Substring Order II

Problem Overview

Attribute Value
Problem Link CSES 2109 - Substring Order II
Difficulty Hard
Category String Algorithms
Time Limit 1 second
Key Technique Suffix Array + LCP Array + Binary Search

Learning Goals

After solving this problem, you will be able to:

  • Build suffix arrays efficiently using the doubling algorithm
  • Compute LCP arrays using Kasai’s algorithm
  • Count substrings (with repetitions) using suffix array and LCP
  • Apply binary search on cumulative substring counts
  • Extract the k-th lexicographically smallest substring

Problem Statement

Problem: Given a string, find the k-th lexicographically smallest substring. Substrings are counted with repetitions - if a substring appears multiple times, it is counted multiple times.

Input:

  • Line 1: String s (lowercase letters only)
  • Line 2: Integer k

Output:

  • The k-th smallest substring

Constraints:

  • 1 <= s <= 10^5
  • 1 <= k <= n(n+1)/2 (guaranteed valid)

Example

Input:
baabaa
10

Output:
baa

Explanation: Substrings in lexicographical order (with repetitions):

  1. “a” (position 2)
  2. “a” (position 3)
  3. “a” (position 5)
  4. “aa” (position 2)
  5. “aa” (position 4 - note: only one ‘a’ follows, so this might vary)
  6. “aab” (position 2)
  7. “aabaa” (position 2)
  8. “abaa” (position 3)
  9. “b” (position 0)
  10. “baa” (position 0) <-- Answer

Intuition: How to Think About This Problem

Pattern Recognition

Key Question: How can we enumerate all substrings in sorted order without generating them explicitly?
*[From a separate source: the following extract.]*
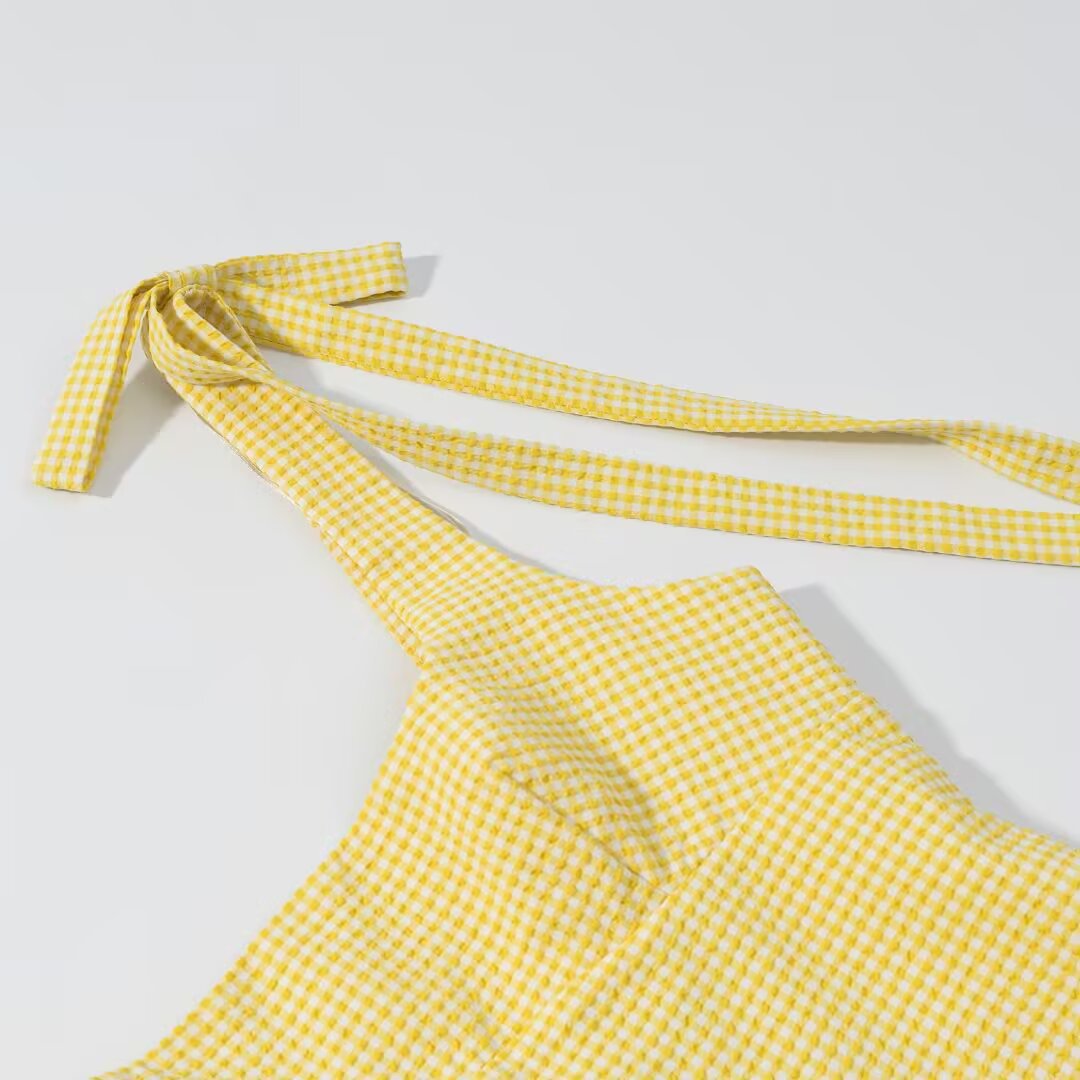 hot Free delivery women dress New fashionable women dress with bowknot and small checkered pattern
The suffix array gives us all suffixes in sorted order. Each suffix starting at position i contributes (n - i) substrings (all prefixes of that suffix). These prefixes are automatically sorted because the suffixes are sorted.

Breaking Down the Problem

  1. What are we looking for? The k-th substring in lexicographical order (counting duplicates)
  2. What information do we have? The sorted order of suffixes (via suffix array) and shared prefixes between adjacent suffixes (via LCP array)
  3. What’s the relationship? Each suffix contributes substrings; LCP tells us how many are duplicates with the previous suffix

Key Insight

For suffix at position sa[i] with length len = n - sa[i]:

  • It contributes len total substrings (all prefixes)
  • But lcp[i] of them are duplicates of the previous suffix’s prefixes
  • New substrings contributed = len - lcp[i]
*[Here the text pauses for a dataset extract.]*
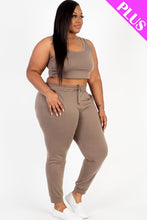 Load image into Gallery viewer, Plus Size French Terry Cropped Tank Top &amp; Joggers Set (CAPELLA)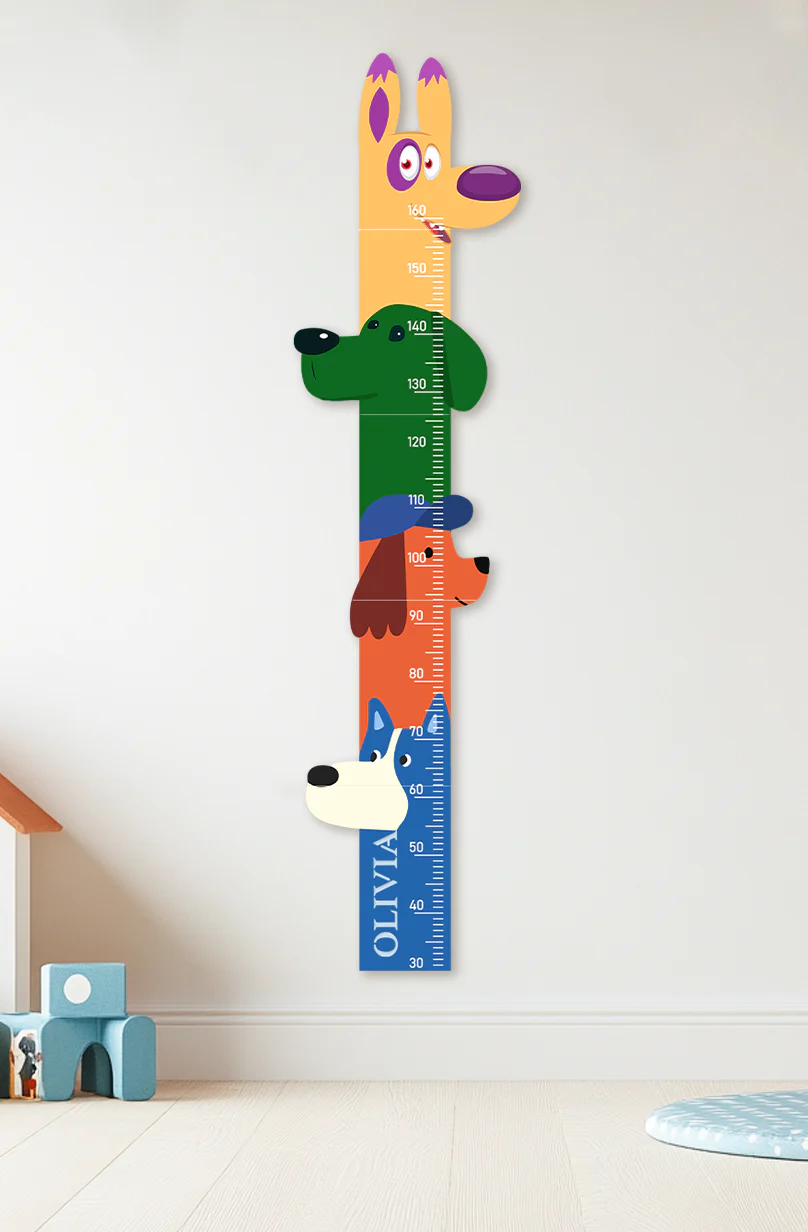 Personalized Wooden Colorful Dog Parade Growth Chart - Image 9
However, for Substring Order II we count WITH repetitions, so each suffix contributes ALL its (n - sa[i]) substrings.


Solution 1: Brute Force

Idea

Generate all substrings, sort them, and return the k-th one.

Code

def solve_brute_force(s, k):
  """
  Generate all substrings, sort, return k-th.
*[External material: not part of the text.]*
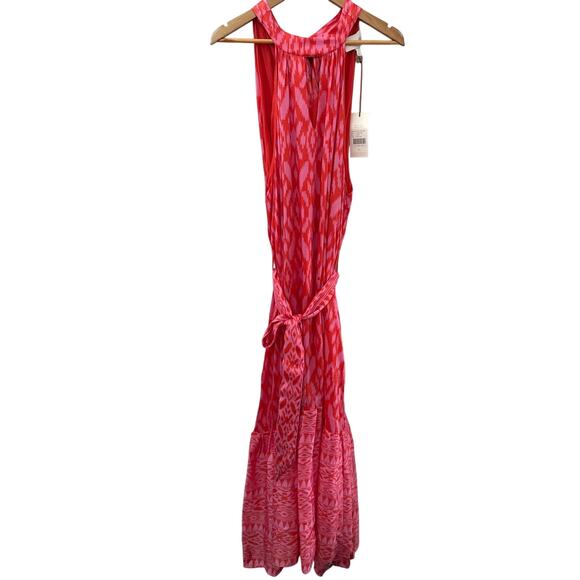 Cleobella Janice Satin Halter Ankle Dress Jaipur Ikat Print Size Large - Picture 13 of 14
  Time: O(n^3 log n) - generating and sorting all substrings
  Space: O(n^2) - storing all substrings
  """
  n = len(s)
  substrings = []

  for i in range(n):
    for j in range(i + 1, n + 1):
      substrings.append(s[i:j])

  substrings.sort()
  return substrings[k - 1]

Complexity

Metric Value Explanation
Time O(n^3 log n) O(n^2) substrings, O(n log n) to sort strings
Space O(n^2) Store all substrings

Why This Works (But Is Slow)

Correctness is guaranteed since we enumerate everything. But with n = 10^5, we’d have ~10^10 substrings - far too many.


Key Insight

The Trick: Use suffix array to get sorted suffix order. Each suffix contributes substrings in sorted order. Binary search to find which suffix contains the k-th substring.

Algorithm Overview

  1. Build suffix array (sorted positions of all suffixes)
  2. For each suffix at sa[i], it contributes (n - sa[i]) substrings
  3. Compute prefix sums of substring counts
  4. Binary search to find which suffix contains substring k
  5. Extract the appropriate prefix of that suffix

Dry Run Example

Let’s trace through with s = "baa":

String: "baa" (n = 3)

Step 1: Build Suffix Array
  Suffixes:
    Position 0: "baa"
    Position 1: "aa"
    Position 2: "a"

  Sorted order: "a" < "aa" < "baa"
  Suffix Array: sa = [2, 1, 0]

Step 2: Count substrings per suffix
  sa[0] = 2: suffix "a"   -> contributes 1 substring:  "a"
  sa[1] = 1: suffix "aa"  -> contributes 2 substrings: "a", "aa"
  sa[2] = 0: suffix "baa" -> contributes 3 substrings: "b", "ba", "baa"

Step 3: Prefix sums
  cumulative = [1, 3, 6]

  Substring mapping:
    k=1: "a"    (from sa[0])
    k=2: "a"    (from sa[1], length 1)
    k=3: "aa"   (from sa[1], length 2)
    k=4: "b"    (from sa[2], length 1)
    k=5: "ba"   (from sa[2], length 2)
    k=6: "baa"  (from sa[2], length 3)

Step 4: Query k=4
  Binary search: cumulative[2] = 6 >= 4, cumulative[1] = 3 < 4
  So k=4 falls in suffix sa[2] = 0 ("baa")
  Offset within this suffix: 4 - 3 = 1
  Length = 1
  Answer: s[0:1] = "b"

Visual Diagram

Suffix Array for "baabaa":

Position:  0    1    2    3    4    5
String:    b    a    a    b    a    a

Sorted Suffixes:
Rank | SA[i] | Suffix        | Substrings (count = n - SA[i])
-----|-------|---------------|--------------------------------
  0  |   5   | "a"           | 1: "a"
  1  |   2   | "abaa"        | 4: "a", "ab", "aba", "abaa"
  2  |   4   | "aa"          | 2: "a", "aa"
  3  |   1   | "aabaa"       | 5: "a", "aa", "aab", "aaba", "aabaa"
  4  |   3   | "baa"         | 3: "b", "ba", "baa"
  5  |   0   | "baabaa"      | 6: "b", "ba", "baa", "baab", "baaba", "baabaa"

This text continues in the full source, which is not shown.